Step 3: Involve the congregation if repentance and/or reconciliation still has not occurred.

In Matthew 18:18, Jesus said, “If he refuses to listen to them, tell it to the church. And if he refuses to listen even to the church, let him be to you as a Gentile and a tax collector.” According to this passage, the involvement of the church is the last resort in the conflict resolution process.

The church is primarily involved to bring about repentance. In other words, the goal of “tell[ing] it to the church” is not to move forward with “disfellowship” but to motivate the erring brother or sister toward repentance through the admonition of many. Disciplinary action is only taken after the offender “refuses to listen even to the church” (18:17). The ultimate goal of all three steps is not to discipline but to “gain” or “win” your brother or sister (18:15).

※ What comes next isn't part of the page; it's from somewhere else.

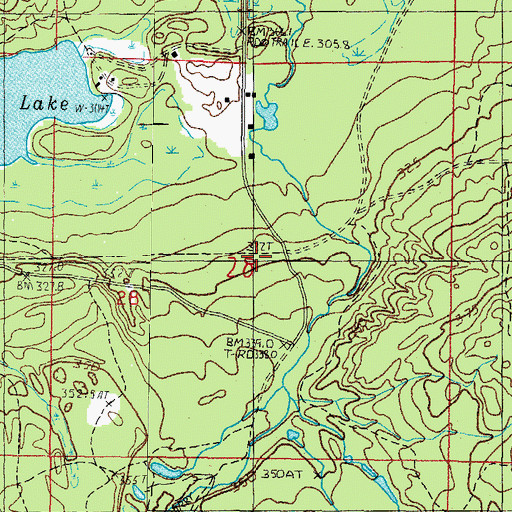 Topographic Map of Arvon Post Office (historical), MI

It is worth noting that Jesus instructed the church to “let him be to you as a Gentile and a tax collector” (18:17) when discipline was necessary. While Jews avoided such people, Jesus befriended them (Matthew 11:19); so, how are we to understand this instruction? There seems to be a combination of avoidance and compassion in Jesus’ words that may best be understood in light of Paul’s instructions in 2 Thessalonians 3:14-15. He instructed his readers to “not keep company with” those who are lazy, but he simultaneously instructed them to “not count him as an enemy but admonish him as a brother.” Thus, it seems that the church is expected to create some distance from the individual who refuses to repent, but it is not expected to give up on restoring him or her.

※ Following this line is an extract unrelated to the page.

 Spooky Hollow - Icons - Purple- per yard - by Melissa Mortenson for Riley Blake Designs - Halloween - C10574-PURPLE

Why did God choose this particular process for conflict resolution?

I believe God choose this particular process because it involves as few people as possible, which can result in quicker and easier resolutions. I also believe God chose this particular process because it involves as many people as is necessary, which can promote accountability and sound judgment. Finally, I believe God chose this particular process because it protects both parties, which can result in an environment of safety and respect.

Thanks be to God because He has given us a strategy for making peace and dealing with conflict! May we trust in His omniscient plan by utilizing it instead of our manmade strategies.